Degustações destacam carne de sol e produtos lácteos de búfala
Entre os destaques da programação, o público poderá degustar carne de sol de búfalo acompanhada de manteiga de búfala aromatizada e stracciatella. Outra preparação que integra o cardápio é a paçoca de pilão feita com carne bubalina, resgatando referências da culinária tradicional brasileira.
Além das receitas com carne, também serão apresentados derivados do leite de búfala, como muçarela, burrata, manteiga e stracciatella, utilizados nas combinações servidas durante o evento.
Segundo o criador de búfalos em Sarapuí (SP) e ex-presidente da ABCB, Caio Rossato, a presença da espécie em uma feira voltada ao setor de carnes amplia a visibilidade do produto e aproxima o consumidor final da cadeia produtiva.
“A presença do búfalo em eventos ligados à carne e ao leite permite apresentar os produtos e ampliar o conhecimento do público sobre as qualidades, o sabor e as texturas da proteína e dos derivados lácteos”, afirmou.
Carne de búfalo resgata tradição do tropeirismo
A escolha da paçoca de pilão como uma das preparações apresentadas na feira tem ligação direta com a história do tropeirismo no Brasil.

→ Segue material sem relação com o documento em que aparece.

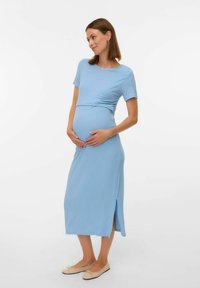 Robe de maternité bleu clair à rayures, avec des manches courtes, une fente sur le côté, et une coupe ajustée qui met en valeur un ventre rond. Des chaussures plates simples complètent le look.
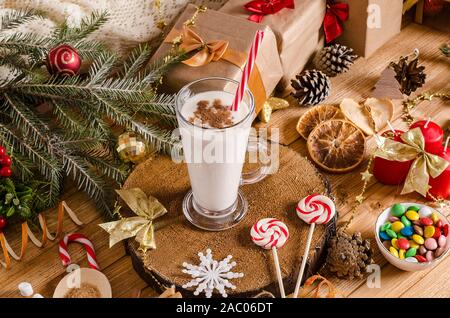 Natale e Anno Nuovo zabaione drink nel bicchiere di vetro su un supporto di legno sul tavolo con i regali di Natale i cookie, candele, dolciumi e albero di Natale di crusca Foto Stock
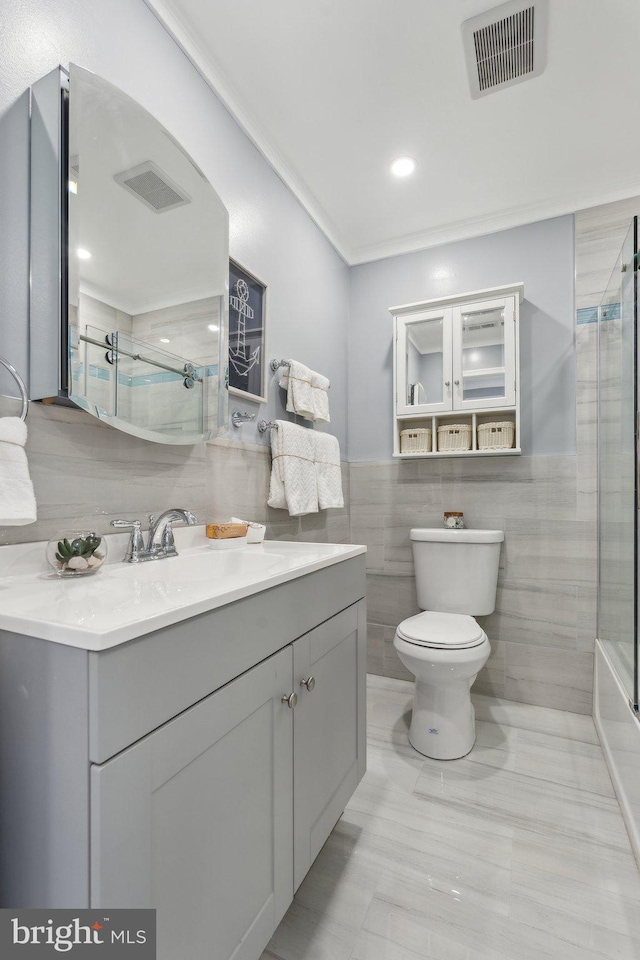 bathroom featuring vanity, tile walls, and toilet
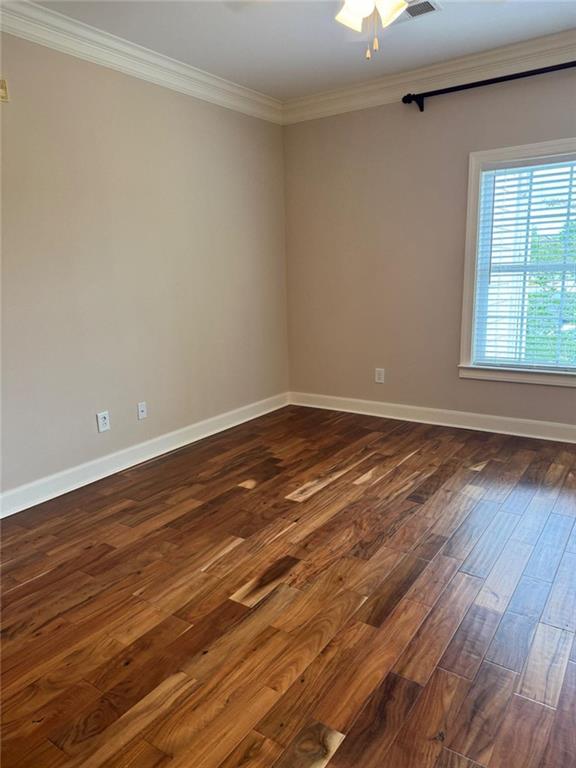 2310 Village Boulevard Southeast Rome, GA 30161 - Photo 13 of 15 an empty room with wooden floor and windows
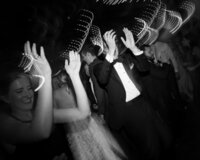 black and white photo with motion blur of wedding guests clapping or dancing taken by wedding photographer in minnesota tom thornton
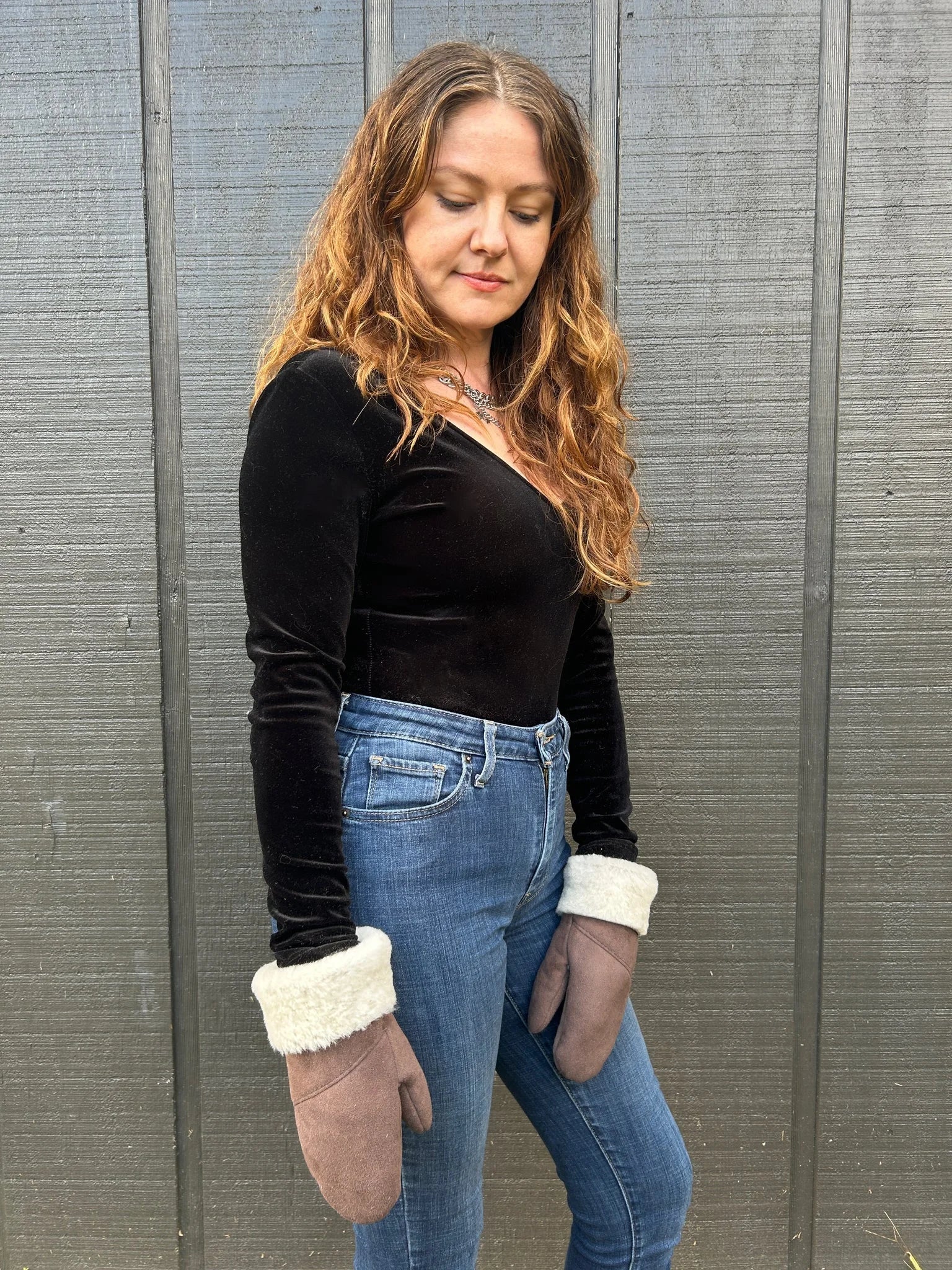 Woman wearing the haven sheepskin mitten in walnut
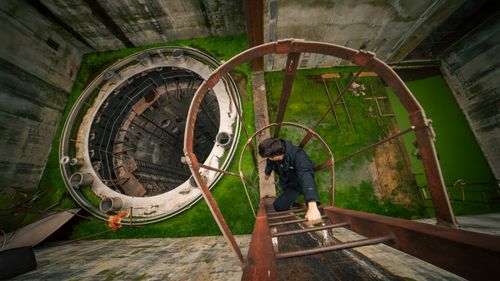 Free Man ascends a rusty ladder inside an abandoned industrial site. Urban exploration vibe. Stock Photo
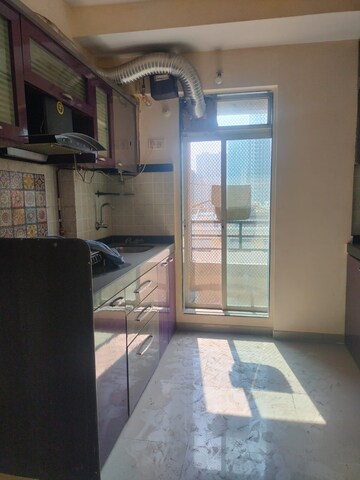 Kitchen in 1 BHK Apartment at Mahavir Kalpavruksha, Ghodbunder Road – for Rent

O prato remete à alimentação utilizada por viajantes que transportavam animais por longas distâncias no período colonial e imperial.
De acordo com Rossato, essa tradição gastronômica percorreu rotas importantes do Sul e Sudeste do país, passando por estados como Rio Grande do Sul, Santa Catarina, Paraná, Minas Gerais e São Paulo, até chegar ao mercado de Sorocaba.
Estratégia de valorização e expansão do consumo
A participação na Feicorte também tem como objetivo ampliar o reconhecimento da carne de búfalo no mercado brasileiro, reforçando seu potencial como alternativa à carne bovina tradicional.
Para a ABCB, eventos do setor são fundamentais para aproximar produtores, indústria e consumidores, promovendo a diversificação do consumo de proteínas e derivados lácteos.
“A degustação em feiras como esta ajuda a divulgar os produtos e permite que o consumidor conheça melhor o sabor e as diferentes formas de utilização da carne e dos lácteos de búfala”, reforçou Rossato.
Com a estreia na Feicorte, o setor bubalino busca consolidar espaço em um dos principais palcos da pecuária de corte no Brasil, ampliando sua presença em eventos estratégicos da cadeia da carne.